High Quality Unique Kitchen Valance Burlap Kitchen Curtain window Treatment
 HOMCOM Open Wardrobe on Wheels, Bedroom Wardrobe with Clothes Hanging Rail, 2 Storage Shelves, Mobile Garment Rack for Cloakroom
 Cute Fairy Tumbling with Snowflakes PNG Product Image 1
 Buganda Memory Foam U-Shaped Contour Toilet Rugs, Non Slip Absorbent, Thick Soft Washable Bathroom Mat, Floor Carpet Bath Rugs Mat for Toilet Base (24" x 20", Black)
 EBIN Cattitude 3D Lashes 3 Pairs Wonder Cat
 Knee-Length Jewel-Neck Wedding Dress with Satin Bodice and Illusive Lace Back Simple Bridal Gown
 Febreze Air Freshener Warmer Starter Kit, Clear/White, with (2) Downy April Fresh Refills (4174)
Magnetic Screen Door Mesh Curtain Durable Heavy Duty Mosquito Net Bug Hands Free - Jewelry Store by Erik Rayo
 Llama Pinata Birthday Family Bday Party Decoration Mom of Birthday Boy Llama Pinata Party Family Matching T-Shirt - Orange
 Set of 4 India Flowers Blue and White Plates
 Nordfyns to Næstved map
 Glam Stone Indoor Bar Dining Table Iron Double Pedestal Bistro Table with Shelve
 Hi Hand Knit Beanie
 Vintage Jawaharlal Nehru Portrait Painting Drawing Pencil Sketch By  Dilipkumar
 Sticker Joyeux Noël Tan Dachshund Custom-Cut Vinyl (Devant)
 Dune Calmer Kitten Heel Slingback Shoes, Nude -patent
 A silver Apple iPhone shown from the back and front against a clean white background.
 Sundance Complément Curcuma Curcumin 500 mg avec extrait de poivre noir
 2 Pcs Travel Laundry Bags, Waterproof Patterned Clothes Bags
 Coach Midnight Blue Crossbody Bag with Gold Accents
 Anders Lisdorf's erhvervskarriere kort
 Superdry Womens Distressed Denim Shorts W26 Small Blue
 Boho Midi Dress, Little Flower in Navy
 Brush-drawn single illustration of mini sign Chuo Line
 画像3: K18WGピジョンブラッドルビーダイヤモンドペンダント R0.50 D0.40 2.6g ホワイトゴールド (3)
==========
=== WHAT IS NEEDED ===
Repeat each of the records exactly as written.

=== OUTPUT BELOW ===
High Quality Unique Kitchen Valance Burlap Kitchen Curtain window Treatment
 HOMCOM Open Wardrobe on Wheels, Bedroom Wardrobe with Clothes Hanging Rail, 2 Storage Shelves, Mobile Garment Rack for Cloakroom
 Cute Fairy Tumbling with Snowflakes PNG Product Image 1
 Buganda Memory Foam U-Shaped Contour Toilet Rugs, Non Slip Absorbent, Thick Soft Washable Bathroom Mat, Floor Carpet Bath Rugs Mat for Toilet Base (24" x 20", Black)
 EBIN Cattitude 3D Lashes 3 Pairs Wonder Cat
 Knee-Length Jewel-Neck Wedding Dress with Satin Bodice and Illusive Lace Back Simple Bridal Gown
 Febreze Air Freshener Warmer Starter Kit, Clear/White, with (2) Downy April Fresh Refills (4174)
Magnetic Screen Door Mesh Curtain Durable Heavy Duty Mosquito Net Bug Hands Free - Jewelry Store by Erik Rayo
 Llama Pinata Birthday Family Bday Party Decoration Mom of Birthday Boy Llama Pinata Party Family Matching T-Shirt - Orange
 Set of 4 India Flowers Blue and White Plates
 Nordfyns to Næstved map
 Glam Stone Indoor Bar Dining Table Iron Double Pedestal Bistro Table with Shelve
 Hi Hand Knit Beanie
 Vintage Jawaharlal Nehru Portrait Painting Drawing Pencil Sketch By  Dilipkumar
 Sticker Joyeux Noël Tan Dachshund Custom-Cut Vinyl (Devant)
 Dune Calmer Kitten Heel Slingback Shoes, Nude -patent
 A silver Apple iPhone shown from the back and front against a clean white background.
 Sundance Complément Curcuma Curcumin 500 mg avec extrait de poivre noir
 2 Pcs Travel Laundry Bags, Waterproof Patterned Clothes Bags
 Coach Midnight Blue Crossbody Bag with Gold Accents
 Anders Lisdorf's erhvervskarriere kort
 Superdry Womens Distressed Denim Shorts W26 Small Blue
 Boho Midi Dress, Little Flower in Navy
 Brush-drawn single illustration of mini sign Chuo Line
 画像3: K18WGピジョンブラッドルビーダイヤモンドペンダント R0.50 D0.40 2.6g ホワイトゴールド (3)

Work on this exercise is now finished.